> EXERCISE PROMPT: Start at the line with "Vidaxl Teppich Zizur" in the records below, stop at the line with "IPL Hair Removal", and return every line in that span exactly, the two end lines included.

Source records:
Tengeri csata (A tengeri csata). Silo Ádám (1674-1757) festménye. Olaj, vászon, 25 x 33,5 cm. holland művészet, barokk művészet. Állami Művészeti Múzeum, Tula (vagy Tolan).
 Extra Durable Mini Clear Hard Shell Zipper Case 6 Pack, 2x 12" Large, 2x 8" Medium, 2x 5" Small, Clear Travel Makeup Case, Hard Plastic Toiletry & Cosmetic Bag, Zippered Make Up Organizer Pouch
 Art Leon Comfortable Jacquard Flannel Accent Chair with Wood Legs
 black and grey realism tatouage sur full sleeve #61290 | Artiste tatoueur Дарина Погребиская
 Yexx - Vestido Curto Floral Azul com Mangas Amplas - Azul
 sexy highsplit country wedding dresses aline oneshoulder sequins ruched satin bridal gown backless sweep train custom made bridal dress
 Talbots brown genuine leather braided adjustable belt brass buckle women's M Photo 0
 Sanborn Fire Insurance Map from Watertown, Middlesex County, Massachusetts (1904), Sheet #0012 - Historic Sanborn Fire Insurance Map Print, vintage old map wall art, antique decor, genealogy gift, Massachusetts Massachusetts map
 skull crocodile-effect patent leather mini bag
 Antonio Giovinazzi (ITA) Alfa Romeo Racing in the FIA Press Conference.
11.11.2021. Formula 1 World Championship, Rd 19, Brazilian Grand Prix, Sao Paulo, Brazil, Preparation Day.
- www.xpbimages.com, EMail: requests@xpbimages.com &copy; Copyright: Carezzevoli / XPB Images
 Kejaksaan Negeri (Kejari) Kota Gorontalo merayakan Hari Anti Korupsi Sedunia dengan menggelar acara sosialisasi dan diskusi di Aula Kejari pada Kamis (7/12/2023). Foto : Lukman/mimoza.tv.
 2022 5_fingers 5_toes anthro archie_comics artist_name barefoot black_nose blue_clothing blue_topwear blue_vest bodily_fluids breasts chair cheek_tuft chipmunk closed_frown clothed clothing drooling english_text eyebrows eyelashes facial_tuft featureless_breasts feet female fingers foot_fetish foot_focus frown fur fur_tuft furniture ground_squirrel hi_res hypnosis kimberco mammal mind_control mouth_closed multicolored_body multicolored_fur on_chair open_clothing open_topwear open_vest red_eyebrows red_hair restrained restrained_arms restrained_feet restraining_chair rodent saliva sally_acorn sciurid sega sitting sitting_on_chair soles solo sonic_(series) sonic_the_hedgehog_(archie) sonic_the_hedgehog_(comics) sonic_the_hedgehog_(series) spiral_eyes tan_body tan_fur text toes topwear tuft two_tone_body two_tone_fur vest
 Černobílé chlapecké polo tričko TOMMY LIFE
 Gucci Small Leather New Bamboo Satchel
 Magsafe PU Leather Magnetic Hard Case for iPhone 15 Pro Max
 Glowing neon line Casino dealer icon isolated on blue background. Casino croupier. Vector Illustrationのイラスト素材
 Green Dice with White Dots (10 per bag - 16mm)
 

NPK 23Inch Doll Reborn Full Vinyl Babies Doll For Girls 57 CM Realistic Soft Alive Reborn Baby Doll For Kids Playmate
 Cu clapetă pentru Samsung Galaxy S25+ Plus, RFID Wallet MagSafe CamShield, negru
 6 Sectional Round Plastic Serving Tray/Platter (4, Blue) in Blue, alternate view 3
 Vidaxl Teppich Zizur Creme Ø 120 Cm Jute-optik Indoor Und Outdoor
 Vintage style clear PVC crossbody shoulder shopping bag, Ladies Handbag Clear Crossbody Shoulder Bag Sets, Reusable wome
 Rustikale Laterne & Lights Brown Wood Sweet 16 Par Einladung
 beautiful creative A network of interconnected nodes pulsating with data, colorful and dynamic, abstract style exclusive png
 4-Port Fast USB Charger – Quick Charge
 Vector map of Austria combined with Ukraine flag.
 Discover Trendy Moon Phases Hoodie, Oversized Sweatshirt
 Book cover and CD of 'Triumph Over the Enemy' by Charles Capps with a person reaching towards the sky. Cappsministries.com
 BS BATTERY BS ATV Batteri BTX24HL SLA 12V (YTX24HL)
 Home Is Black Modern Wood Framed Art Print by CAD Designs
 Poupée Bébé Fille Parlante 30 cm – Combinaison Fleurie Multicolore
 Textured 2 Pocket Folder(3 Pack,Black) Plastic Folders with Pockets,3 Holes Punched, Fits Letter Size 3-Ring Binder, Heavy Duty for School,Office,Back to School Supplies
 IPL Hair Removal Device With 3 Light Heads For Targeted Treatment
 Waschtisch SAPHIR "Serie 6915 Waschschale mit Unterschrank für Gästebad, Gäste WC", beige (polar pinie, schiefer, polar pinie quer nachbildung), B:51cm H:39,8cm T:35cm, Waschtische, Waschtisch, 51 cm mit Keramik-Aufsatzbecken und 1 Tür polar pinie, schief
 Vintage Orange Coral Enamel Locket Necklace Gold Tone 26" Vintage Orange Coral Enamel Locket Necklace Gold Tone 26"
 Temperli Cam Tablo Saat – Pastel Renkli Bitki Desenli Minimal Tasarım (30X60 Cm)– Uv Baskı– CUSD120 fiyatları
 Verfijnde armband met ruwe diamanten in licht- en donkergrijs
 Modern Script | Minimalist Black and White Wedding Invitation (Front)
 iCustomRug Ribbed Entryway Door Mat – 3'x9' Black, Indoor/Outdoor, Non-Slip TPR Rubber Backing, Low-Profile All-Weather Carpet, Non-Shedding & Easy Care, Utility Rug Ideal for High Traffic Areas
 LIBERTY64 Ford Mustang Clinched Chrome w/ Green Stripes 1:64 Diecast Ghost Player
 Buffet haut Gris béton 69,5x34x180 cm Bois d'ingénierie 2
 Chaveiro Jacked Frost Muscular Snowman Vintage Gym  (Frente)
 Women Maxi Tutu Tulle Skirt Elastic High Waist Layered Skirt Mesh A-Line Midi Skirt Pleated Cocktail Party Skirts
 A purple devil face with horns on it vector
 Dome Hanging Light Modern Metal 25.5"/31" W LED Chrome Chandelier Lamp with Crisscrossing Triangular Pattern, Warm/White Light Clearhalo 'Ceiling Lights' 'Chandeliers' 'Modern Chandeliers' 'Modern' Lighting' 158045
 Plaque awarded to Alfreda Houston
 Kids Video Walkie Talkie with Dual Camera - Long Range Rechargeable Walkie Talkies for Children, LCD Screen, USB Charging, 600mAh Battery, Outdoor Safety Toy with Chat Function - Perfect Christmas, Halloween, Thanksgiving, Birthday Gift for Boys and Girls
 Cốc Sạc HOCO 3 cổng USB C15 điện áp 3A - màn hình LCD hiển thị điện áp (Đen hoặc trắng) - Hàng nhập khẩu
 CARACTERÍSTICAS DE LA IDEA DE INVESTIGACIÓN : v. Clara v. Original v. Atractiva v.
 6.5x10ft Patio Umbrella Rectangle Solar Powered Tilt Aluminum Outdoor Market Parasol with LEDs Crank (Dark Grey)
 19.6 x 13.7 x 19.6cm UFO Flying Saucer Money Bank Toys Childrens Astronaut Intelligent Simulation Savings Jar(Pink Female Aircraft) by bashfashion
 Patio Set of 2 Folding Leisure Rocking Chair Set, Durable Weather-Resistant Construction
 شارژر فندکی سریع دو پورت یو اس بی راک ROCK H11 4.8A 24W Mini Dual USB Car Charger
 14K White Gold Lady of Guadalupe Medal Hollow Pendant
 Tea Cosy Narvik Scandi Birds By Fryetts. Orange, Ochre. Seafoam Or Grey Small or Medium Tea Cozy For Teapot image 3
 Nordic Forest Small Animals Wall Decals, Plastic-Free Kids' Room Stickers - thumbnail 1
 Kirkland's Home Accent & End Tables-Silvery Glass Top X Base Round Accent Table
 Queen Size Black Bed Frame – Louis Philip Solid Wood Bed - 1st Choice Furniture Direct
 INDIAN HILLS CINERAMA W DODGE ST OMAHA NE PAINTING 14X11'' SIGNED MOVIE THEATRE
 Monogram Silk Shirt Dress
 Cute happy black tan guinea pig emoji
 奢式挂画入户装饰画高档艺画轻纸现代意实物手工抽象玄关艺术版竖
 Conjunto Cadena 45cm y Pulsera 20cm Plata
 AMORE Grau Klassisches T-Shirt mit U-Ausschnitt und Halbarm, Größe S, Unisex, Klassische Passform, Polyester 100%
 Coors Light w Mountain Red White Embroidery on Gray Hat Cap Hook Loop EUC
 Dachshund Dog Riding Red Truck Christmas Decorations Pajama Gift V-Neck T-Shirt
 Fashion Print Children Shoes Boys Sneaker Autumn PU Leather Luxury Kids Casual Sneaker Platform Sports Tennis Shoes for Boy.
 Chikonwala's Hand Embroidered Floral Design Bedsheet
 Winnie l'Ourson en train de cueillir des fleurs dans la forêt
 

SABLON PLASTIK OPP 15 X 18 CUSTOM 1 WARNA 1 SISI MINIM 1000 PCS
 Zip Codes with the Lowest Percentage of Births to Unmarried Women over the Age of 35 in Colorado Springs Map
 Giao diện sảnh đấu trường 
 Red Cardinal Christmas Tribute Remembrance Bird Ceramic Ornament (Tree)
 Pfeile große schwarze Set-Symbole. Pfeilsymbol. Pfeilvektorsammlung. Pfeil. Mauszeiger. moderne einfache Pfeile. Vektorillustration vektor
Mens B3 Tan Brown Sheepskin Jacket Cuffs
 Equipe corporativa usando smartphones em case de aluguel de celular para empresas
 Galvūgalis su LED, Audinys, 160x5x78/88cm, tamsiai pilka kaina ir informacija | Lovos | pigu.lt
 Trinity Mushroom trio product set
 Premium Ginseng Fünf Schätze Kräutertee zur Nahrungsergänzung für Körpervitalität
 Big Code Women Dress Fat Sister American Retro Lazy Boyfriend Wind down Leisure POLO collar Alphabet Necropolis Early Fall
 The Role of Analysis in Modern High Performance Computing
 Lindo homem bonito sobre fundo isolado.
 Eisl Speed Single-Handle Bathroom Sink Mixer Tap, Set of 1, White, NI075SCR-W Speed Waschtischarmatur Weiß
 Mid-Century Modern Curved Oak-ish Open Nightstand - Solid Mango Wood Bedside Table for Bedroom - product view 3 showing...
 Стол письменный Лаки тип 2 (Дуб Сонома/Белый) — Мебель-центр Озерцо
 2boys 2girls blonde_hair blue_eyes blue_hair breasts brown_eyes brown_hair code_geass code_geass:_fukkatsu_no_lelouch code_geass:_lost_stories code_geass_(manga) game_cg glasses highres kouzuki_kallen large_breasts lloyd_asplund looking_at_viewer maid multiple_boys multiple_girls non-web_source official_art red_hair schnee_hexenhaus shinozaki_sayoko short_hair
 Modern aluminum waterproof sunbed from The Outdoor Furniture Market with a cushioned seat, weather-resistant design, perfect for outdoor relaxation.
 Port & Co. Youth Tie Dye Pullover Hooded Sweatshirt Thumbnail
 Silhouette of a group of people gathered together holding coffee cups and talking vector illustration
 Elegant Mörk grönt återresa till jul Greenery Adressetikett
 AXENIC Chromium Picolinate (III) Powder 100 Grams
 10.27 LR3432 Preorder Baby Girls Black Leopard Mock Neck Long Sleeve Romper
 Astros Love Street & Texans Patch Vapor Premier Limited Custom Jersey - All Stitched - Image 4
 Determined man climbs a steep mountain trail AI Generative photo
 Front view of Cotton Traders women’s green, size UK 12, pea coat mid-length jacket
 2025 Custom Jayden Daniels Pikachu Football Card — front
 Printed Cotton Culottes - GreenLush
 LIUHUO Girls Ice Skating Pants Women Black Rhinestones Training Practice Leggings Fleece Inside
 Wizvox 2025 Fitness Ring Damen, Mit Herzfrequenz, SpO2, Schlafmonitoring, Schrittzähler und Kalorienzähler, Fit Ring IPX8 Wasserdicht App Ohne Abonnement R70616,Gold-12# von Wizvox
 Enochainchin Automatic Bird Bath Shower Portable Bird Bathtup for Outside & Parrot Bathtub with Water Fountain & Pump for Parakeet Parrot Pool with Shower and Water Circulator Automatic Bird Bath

> EXERCISE SOLUTION:
 Vidaxl Teppich Zizur Creme Ø 120 Cm Jute-optik Indoor Und Outdoor
 Vintage style clear PVC crossbody shoulder shopping bag, Ladies Handbag Clear Crossbody Shoulder Bag Sets, Reusable wome
 Rustikale Laterne & Lights Brown Wood Sweet 16 Par Einladung
 beautiful creative A network of interconnected nodes pulsating with data, colorful and dynamic, abstract style exclusive png
 4-Port Fast USB Charger – Quick Charge
 Vector map of Austria combined with Ukraine flag.
 Discover Trendy Moon Phases Hoodie, Oversized Sweatshirt
 Book cover and CD of 'Triumph Over the Enemy' by Charles Capps with a person reaching towards the sky. Cappsministries.com
 BS BATTERY BS ATV Batteri BTX24HL SLA 12V (YTX24HL)
 Home Is Black Modern Wood Framed Art Print by CAD Designs
 Poupée Bébé Fille Parlante 30 cm – Combinaison Fleurie Multicolore
 Textured 2 Pocket Folder(3 Pack,Black) Plastic Folders with Pockets,3 Holes Punched, Fits Letter Size 3-Ring Binder, Heavy Duty for School,Office,Back to School Supplies
 IPL Hair Removal Device With 3 Light Heads For Targeted Treatment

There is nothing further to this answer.